**Information**
______

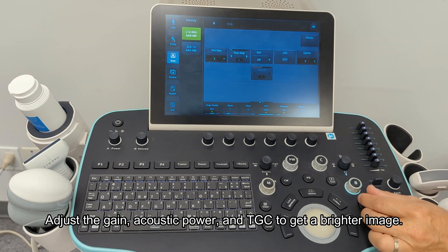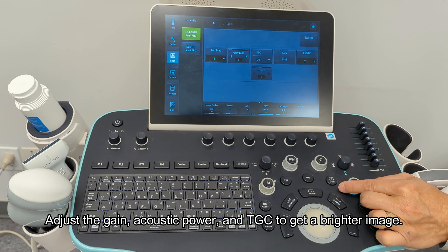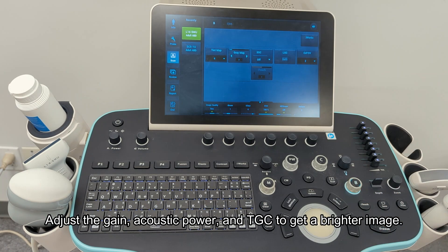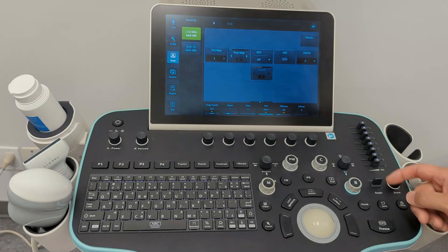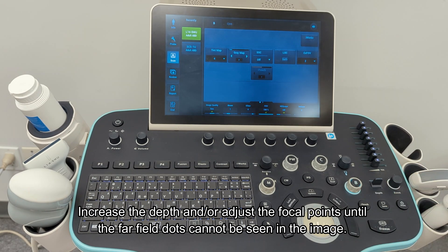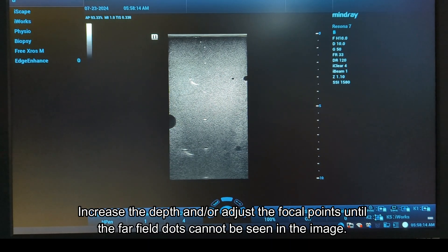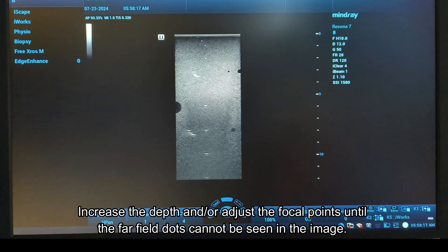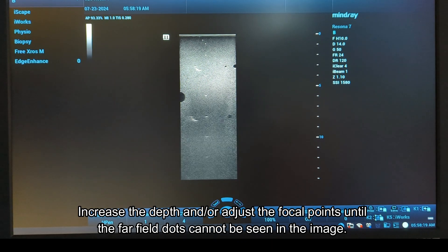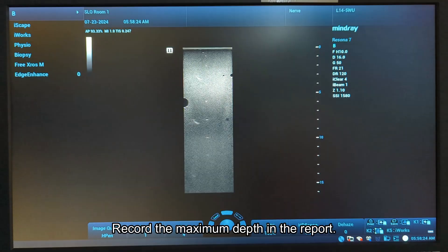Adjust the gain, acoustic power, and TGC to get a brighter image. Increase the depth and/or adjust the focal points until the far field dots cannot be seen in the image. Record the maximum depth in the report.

______

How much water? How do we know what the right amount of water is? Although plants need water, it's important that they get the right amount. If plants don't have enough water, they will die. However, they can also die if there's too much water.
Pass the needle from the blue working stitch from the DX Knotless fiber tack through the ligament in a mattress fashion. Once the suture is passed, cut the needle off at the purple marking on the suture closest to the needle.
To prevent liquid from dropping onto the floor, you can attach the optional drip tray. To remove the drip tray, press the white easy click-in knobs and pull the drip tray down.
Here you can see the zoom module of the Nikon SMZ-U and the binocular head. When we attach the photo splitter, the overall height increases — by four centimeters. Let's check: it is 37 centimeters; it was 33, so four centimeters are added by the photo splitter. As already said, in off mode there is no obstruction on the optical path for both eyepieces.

______

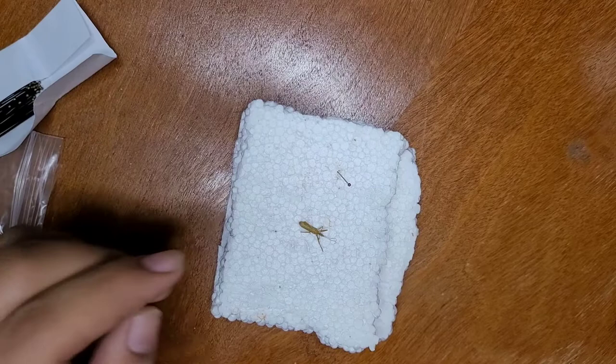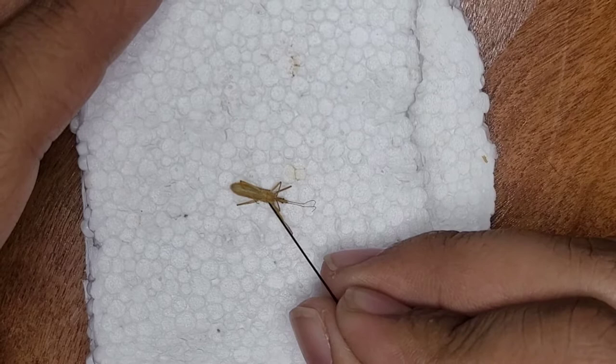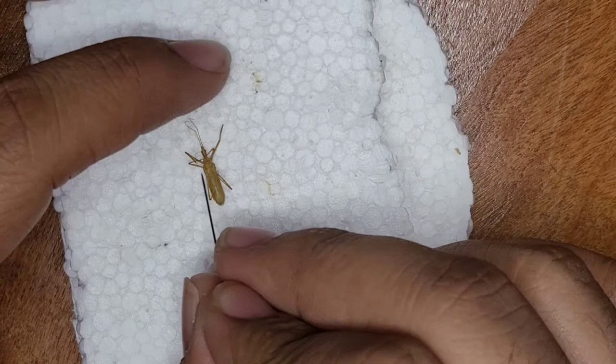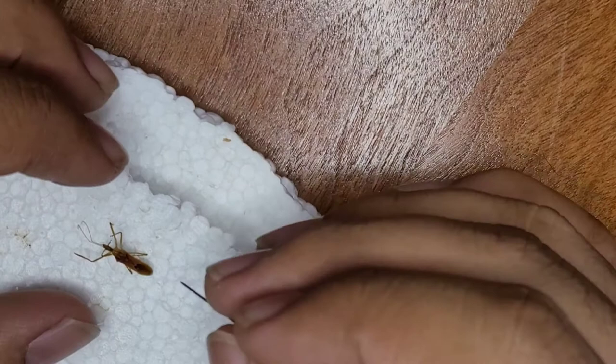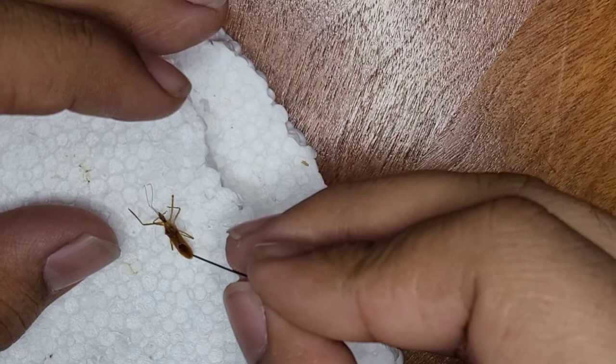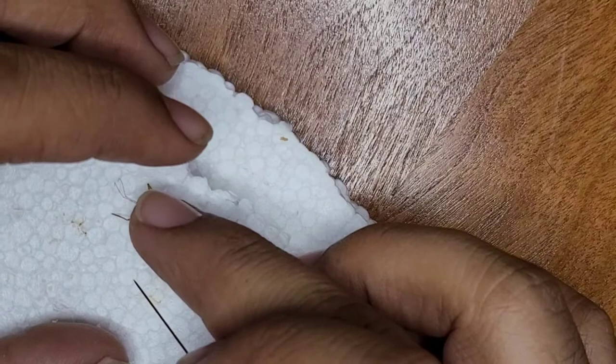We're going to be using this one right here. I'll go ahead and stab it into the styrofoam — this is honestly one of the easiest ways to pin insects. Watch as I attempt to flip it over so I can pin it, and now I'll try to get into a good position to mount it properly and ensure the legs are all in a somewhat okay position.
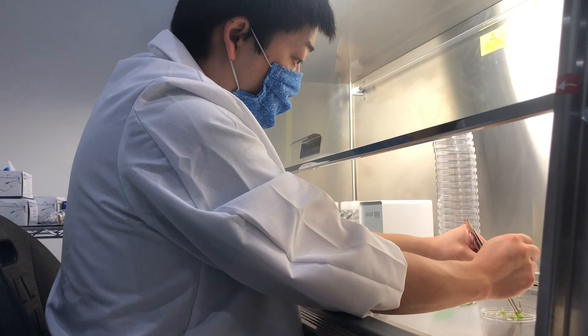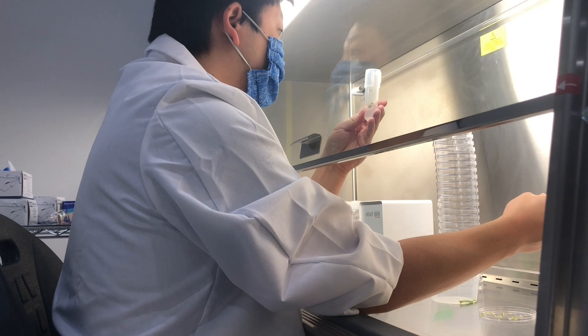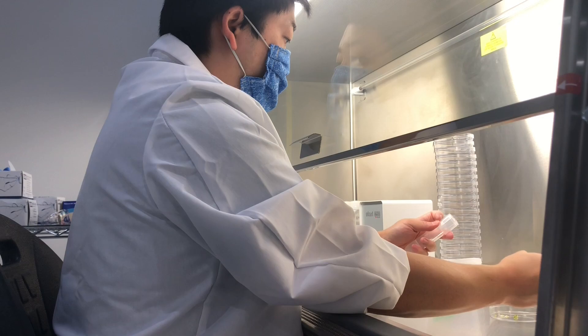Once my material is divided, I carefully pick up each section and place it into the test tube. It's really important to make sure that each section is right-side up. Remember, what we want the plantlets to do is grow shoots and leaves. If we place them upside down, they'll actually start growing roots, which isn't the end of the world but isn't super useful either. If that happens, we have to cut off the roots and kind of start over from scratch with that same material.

______

**Brief**
Would you copy every line of the entries that includes the word "attach"?

**Answer box**
To prevent liquid from dropping onto the floor, you can attach the optional drip tray. To remove the drip tray, press the white easy click-in knobs and pull the drip tray down.
Here you can see the zoom module of the Nikon SMZ-U and the binocular head. When we attach the photo splitter, the overall height increases — by four centimeters. Let's check: it is 37 centimeters; it was 33, so four centimeters are added by the photo splitter. As already said, in off mode there is no obstruction on the optical path for both eyepieces.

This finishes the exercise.